TVF’s Nidhi Bisht is breaking stereotypes and making it viral
The entertainment industry is full of stereotypes and preconceived notions of how an actor should look. Take the ones Nidhi Bisht had to face, for instance. “I got a lot of rejections. People told me I have a round face, fit for roles of older women like chachi and mausi,” recalls Bisht. She also faced comments like “You have strange eyes”, “You don’t look like a typical bubbly girl” or “Tum tayyar hoke nahi aati” (You don’t put effort into looking good with the help of makeup).

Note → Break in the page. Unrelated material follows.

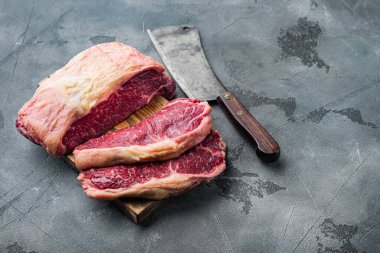 Kansas City çiğ organik biftek kesimi, gri arka planda, metin için kopya alanı ile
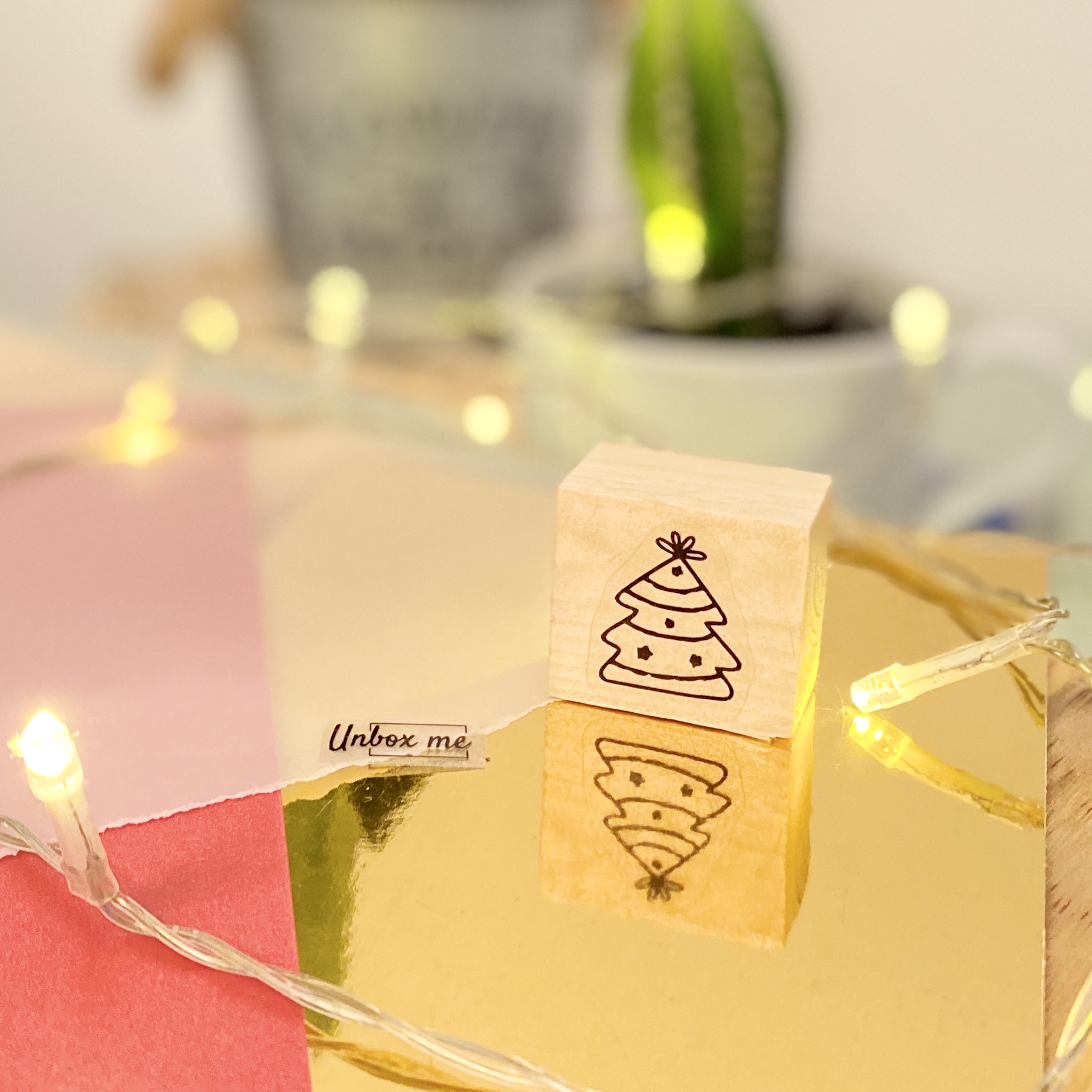 Carimbo de madeira com desenho de árvore de Natal sobre superfície dourada reflexiva e luzes LED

But she says that she never let such comments dent her zest for making it big in the entertainment industry. Nor did she conform to such norms. It was on her own terms that this young girl from Delhi went on to create a huge niche in the entertainment industry. While she was an active part of the Delhi and Mumbai theatre circuit, the big break was when she got introduced to the founding team of the digital content company The Viral Fever, headed by Arunabh Kumar. From essaying television czarina Ekta Kapoor to BJP spokesperson Meenakshi Lekhi to even Doordarshan anchor Snehlata Thapaa, Bisht has played a diverse set of characters in her YouTube videos. After joining TVF as its creative director in 2012, Bisht also honed her skills in script writing with the Girliyapa videos, Chai Sutta Chronicles and Bisht Please and direction with PA Gals.
And while acting was her first love, Bisht also holds a bachelor’s degree in law from the prestigious Jamia Milia Islamia college in Delhi and has worked as an associate at a law firm in Delhi. “My dad was an IPS officer and my mom was a teacher, so he wanted us to be great in studies,” she says, explaining the reason behind opting for a law degree. And as dramatic as it sounds, it was the Bollywood film, Rock On, that inspired her to follow her dreams of becoming an actor. The initial days of auditions and rejections were tough, and Bisht also had to take up jobs including writing for Comedy Circus, freelancing as a Hindi translator and teaching drama at schools to earn a living in the city. “You can learn, read or write. Don’t wait for the ideal opportunity, take whatever comes your way. Embrace every opportunity. A senior theatre actor told me ‘work is work’. And the bigger challenge is – where ever you are, you have to make it count,” she says.
It has now been a decade since she moved to Mumbai in 2009, and Bisht has not only created a name for herself but is also an inspiration to many girls who wish to enter the entertainment industry as writers, actors or directors.